Government funding for COVID-19 research in Uganda

In Uganda, government funding for research increased during the COVID-19 pandemic. The Presidential Scientific Initiative on Epidemics and the Ministry of Science, Technology, and Innovation provided grants to scientists shaping the country’s policy response, and Makerere University established 110 research and innovation projects aimed at exploring public health challenges associated with COVID-19.

These projects yielded key innovations that changed the way providers can deliver health care on the ground. For example, in June 2020, scientists from Makerere University and Kiira Motors Corporation developed a medical ventilator that is affordable, portable, and operated by solar-charged batteries. It can be used in ambulances and rural health facilities where electricity may be unreliable.

Uganda also implemented strategies to maintain EHS delivery as soon as flagging performance across EHS indicators made it clear that they were necessary.

National, governmental, and population-level measures

Health system–level response measures

In the early months of the pandemic, Uganda’s health system-level response measures divided into two main categories: direct responses to COVID-19, and interventions for the maintenance of EHS.

In many countries around the world, the COVID-19 pandemic and efforts to mitigate it caused supply- and demand-side barriers to EHS delivery. These barriers included provider and patient fear of infection in health facilities; inability to travel due to lockdowns; budgetary shortfalls; and delays and stockouts of essential health commodities such as PPE, reagents, some vaccines (such as for HIV), and critical diagnostic tools (such as GeneXpert cartridges).

In Uganda, movement restrictions and physical distancing guidelines were significant obstacles to EHS delivery, especially in the early months of the pandemic (see figure below). For example, lockdowns—and the deployment of police and other security personnel to enforce them—kept many health care providers from their workplaces. Media reports that police prevented patients from seeking routine care, contrary to lockdown guidelines, might have affected public demand for that care.

Trends in Ugandan households missing needed health care during the pandemic

: Partnership for Evidence-Based Response to COVID-19 (PERC) in partnership with Ipsos. The most recent survey sampled from Uganda consisted of 1,338 adults between September 20 – 30, 2021.

Among Ugandan households that needed medical care in the first six months of the pandemic, more than half delayed or skipped it. The most frequently cited reason for skipping health care visits was lockdown-related mobility restrictions (see figure below).

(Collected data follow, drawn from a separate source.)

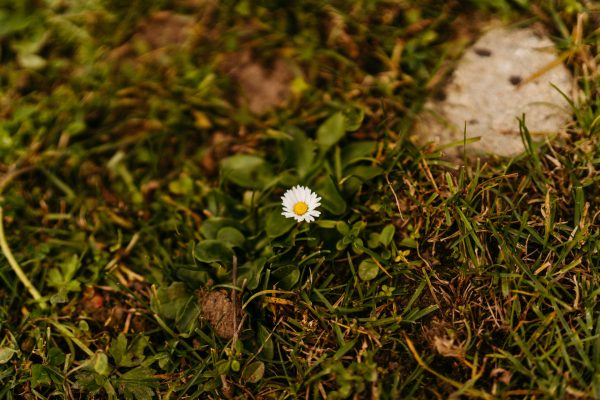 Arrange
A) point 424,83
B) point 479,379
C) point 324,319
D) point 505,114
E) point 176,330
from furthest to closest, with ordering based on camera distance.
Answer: point 424,83 → point 505,114 → point 176,330 → point 324,319 → point 479,379

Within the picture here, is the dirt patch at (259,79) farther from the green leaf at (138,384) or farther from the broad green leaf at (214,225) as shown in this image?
the green leaf at (138,384)

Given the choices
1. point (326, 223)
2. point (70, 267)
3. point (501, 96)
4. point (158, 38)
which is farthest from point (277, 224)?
point (158, 38)

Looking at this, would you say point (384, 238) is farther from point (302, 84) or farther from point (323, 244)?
point (302, 84)

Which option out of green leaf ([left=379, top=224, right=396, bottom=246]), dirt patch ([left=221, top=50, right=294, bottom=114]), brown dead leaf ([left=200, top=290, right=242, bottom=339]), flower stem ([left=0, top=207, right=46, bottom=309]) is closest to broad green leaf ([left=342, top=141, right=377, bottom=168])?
green leaf ([left=379, top=224, right=396, bottom=246])

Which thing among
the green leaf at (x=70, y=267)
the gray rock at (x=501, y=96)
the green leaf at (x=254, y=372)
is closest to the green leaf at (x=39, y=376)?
the green leaf at (x=70, y=267)

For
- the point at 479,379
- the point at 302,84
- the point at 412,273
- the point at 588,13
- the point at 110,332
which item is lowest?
the point at 110,332

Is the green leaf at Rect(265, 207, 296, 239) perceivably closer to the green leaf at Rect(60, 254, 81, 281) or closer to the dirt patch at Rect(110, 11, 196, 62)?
the green leaf at Rect(60, 254, 81, 281)

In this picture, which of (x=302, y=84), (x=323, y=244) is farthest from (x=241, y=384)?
(x=302, y=84)

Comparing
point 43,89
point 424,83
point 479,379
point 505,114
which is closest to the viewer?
point 479,379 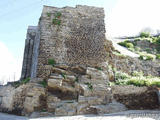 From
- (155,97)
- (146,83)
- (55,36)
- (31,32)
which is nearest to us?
(155,97)

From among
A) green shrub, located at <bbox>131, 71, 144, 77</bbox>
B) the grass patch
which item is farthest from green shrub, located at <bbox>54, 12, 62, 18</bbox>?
green shrub, located at <bbox>131, 71, 144, 77</bbox>

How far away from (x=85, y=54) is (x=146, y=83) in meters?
4.33

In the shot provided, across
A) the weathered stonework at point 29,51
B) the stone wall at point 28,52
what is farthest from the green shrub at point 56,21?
the stone wall at point 28,52

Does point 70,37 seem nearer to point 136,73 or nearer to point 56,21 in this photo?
point 56,21

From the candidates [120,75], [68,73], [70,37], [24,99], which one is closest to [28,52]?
[70,37]

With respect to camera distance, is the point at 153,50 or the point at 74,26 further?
the point at 153,50

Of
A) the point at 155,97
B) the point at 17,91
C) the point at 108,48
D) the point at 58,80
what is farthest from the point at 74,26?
the point at 155,97

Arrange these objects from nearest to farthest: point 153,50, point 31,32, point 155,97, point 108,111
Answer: point 108,111, point 155,97, point 31,32, point 153,50

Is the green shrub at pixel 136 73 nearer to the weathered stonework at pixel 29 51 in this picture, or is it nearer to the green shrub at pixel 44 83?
the green shrub at pixel 44 83

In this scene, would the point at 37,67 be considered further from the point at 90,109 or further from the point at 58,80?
the point at 90,109

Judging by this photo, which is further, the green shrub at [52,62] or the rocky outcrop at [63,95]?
the green shrub at [52,62]

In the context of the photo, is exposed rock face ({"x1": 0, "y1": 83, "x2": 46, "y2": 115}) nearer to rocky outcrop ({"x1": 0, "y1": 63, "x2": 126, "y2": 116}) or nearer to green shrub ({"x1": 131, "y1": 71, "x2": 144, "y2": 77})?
rocky outcrop ({"x1": 0, "y1": 63, "x2": 126, "y2": 116})

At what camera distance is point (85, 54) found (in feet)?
45.2

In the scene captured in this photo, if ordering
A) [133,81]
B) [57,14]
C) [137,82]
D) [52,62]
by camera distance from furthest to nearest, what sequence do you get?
[57,14] → [52,62] → [133,81] → [137,82] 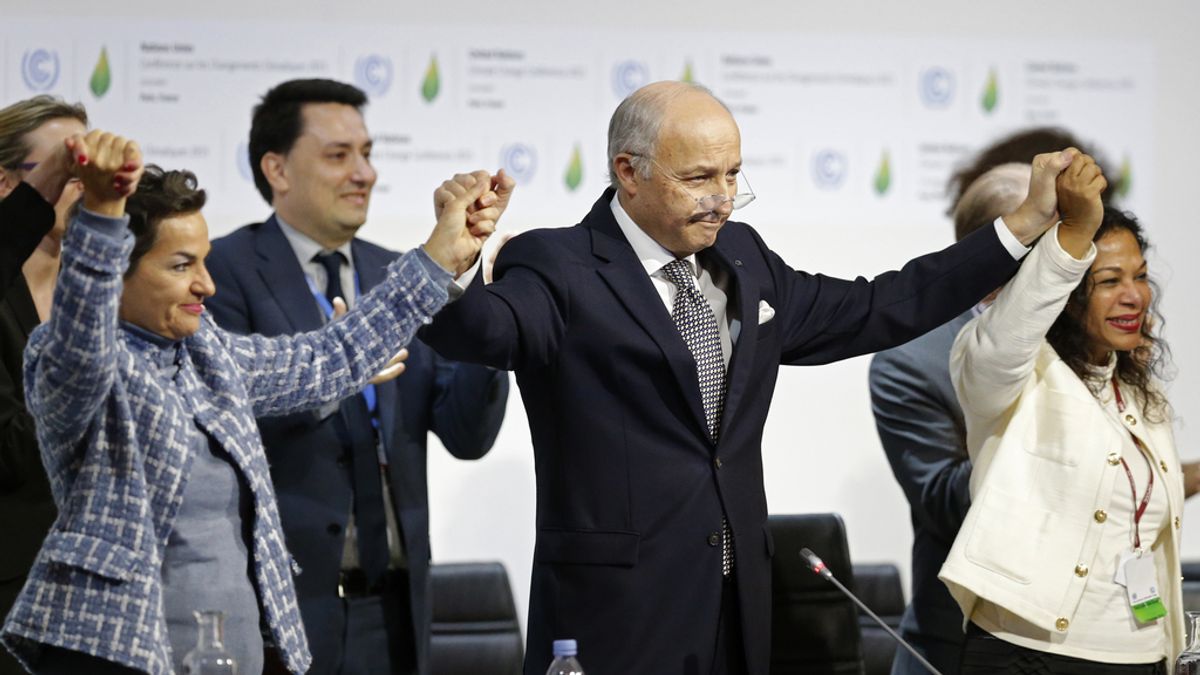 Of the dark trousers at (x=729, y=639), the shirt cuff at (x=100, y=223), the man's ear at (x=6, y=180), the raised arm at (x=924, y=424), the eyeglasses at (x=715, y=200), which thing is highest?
the man's ear at (x=6, y=180)

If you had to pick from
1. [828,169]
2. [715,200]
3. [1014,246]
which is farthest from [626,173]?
[828,169]

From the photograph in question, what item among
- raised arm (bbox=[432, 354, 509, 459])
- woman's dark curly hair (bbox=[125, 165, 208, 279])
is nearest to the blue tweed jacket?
woman's dark curly hair (bbox=[125, 165, 208, 279])

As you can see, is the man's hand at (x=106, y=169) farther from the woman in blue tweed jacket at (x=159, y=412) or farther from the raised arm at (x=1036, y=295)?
the raised arm at (x=1036, y=295)

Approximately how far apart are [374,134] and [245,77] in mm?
401

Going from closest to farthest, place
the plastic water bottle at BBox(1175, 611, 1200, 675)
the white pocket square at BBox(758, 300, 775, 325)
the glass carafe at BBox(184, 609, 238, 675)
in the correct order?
the glass carafe at BBox(184, 609, 238, 675) → the plastic water bottle at BBox(1175, 611, 1200, 675) → the white pocket square at BBox(758, 300, 775, 325)

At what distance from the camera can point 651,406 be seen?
2.48m

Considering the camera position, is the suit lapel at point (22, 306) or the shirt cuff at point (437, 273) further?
the suit lapel at point (22, 306)

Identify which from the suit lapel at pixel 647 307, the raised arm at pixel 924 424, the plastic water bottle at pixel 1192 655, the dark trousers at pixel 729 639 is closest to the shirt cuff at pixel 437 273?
the suit lapel at pixel 647 307

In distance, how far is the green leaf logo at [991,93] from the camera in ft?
15.6

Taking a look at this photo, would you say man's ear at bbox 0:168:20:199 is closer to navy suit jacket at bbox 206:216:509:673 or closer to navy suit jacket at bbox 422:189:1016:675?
navy suit jacket at bbox 206:216:509:673

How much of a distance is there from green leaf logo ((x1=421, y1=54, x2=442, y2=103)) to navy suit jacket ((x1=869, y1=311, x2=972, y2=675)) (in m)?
1.69

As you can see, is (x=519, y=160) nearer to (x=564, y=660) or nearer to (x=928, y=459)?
(x=928, y=459)

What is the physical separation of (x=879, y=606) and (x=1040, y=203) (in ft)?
7.12

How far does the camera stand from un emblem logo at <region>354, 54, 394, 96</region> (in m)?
4.44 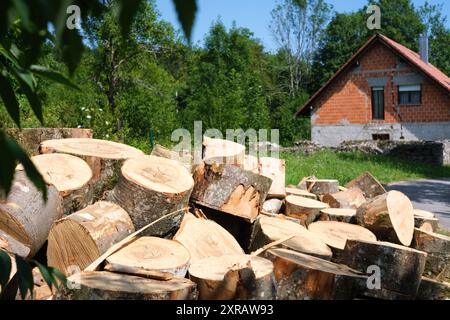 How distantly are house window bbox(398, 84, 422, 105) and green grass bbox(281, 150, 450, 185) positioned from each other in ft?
17.7

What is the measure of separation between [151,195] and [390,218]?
2923mm

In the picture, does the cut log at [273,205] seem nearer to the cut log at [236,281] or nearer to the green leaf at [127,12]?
the cut log at [236,281]

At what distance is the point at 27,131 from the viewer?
6285 mm

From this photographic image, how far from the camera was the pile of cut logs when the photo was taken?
3.94 m

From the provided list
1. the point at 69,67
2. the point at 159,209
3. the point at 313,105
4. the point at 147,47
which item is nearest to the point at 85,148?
the point at 159,209

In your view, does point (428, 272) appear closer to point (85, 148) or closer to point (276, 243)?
point (276, 243)

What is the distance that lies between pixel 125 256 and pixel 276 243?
58.5 inches

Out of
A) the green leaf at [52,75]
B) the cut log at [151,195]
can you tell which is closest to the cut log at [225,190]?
the cut log at [151,195]

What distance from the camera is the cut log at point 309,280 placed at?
421 centimetres

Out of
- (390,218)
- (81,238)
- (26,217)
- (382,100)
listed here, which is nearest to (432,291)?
(390,218)

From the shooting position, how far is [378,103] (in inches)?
1059

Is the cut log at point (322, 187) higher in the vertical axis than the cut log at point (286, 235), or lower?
higher

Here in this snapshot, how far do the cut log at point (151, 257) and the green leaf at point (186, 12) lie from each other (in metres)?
3.32

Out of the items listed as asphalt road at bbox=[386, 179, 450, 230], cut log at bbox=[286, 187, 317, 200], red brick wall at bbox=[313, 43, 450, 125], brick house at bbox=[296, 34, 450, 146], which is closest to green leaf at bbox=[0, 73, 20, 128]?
cut log at bbox=[286, 187, 317, 200]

Reason for delayed, skipped, or incomplete health care visits in Uganda

Partnership for Evidence-Based Response to COVID-19 (PERC) in partnership with Ipsos as of September 2021. The most recent survey sampled from Uganda consisted of 1,338 adults between September 20–30, 2021.

Indicator data appears to show that the movement restrictions Uganda implemented in April 2020 undermined the delivery of EHS such as immunization for diphtheria, tetanus, and pertussis and outpatient treatments for noncommunicable diseases such as diabetes mellitus and hypertension. This appears to have been especially true in urban areas in the central region of Kampala and Wakiso.

After movement restrictions were lifted in May 2020, indicator data appears to show that some barriers to key services, such as in-facility births and outpatient health visits, persisted. Other factors, such as patient fear of contracting COVID-19 at health care facilities may have affected these trends as well.

Interrupted time series of in-facility births in Uganda

Routine Health Systems Data from Makerere University School of Public Health

Interrupted time series of outpatient health visits

Routine Health Systems Data from Makerere University School of Public Health

Maintaining the delivery of EHS during and after the 2020 lockdowns was a key pillar of Uganda’s early COVID-19 response. To fund it, officials deployed resources from international partners, NGOs, and other pillars of the pandemic response. UNICEF, the Netherlands Embassy, and the Global Fund to Fight AIDS, Tuberculosis and Malaria contributed millions of dollars to support the emergency response and maintenance of EHS.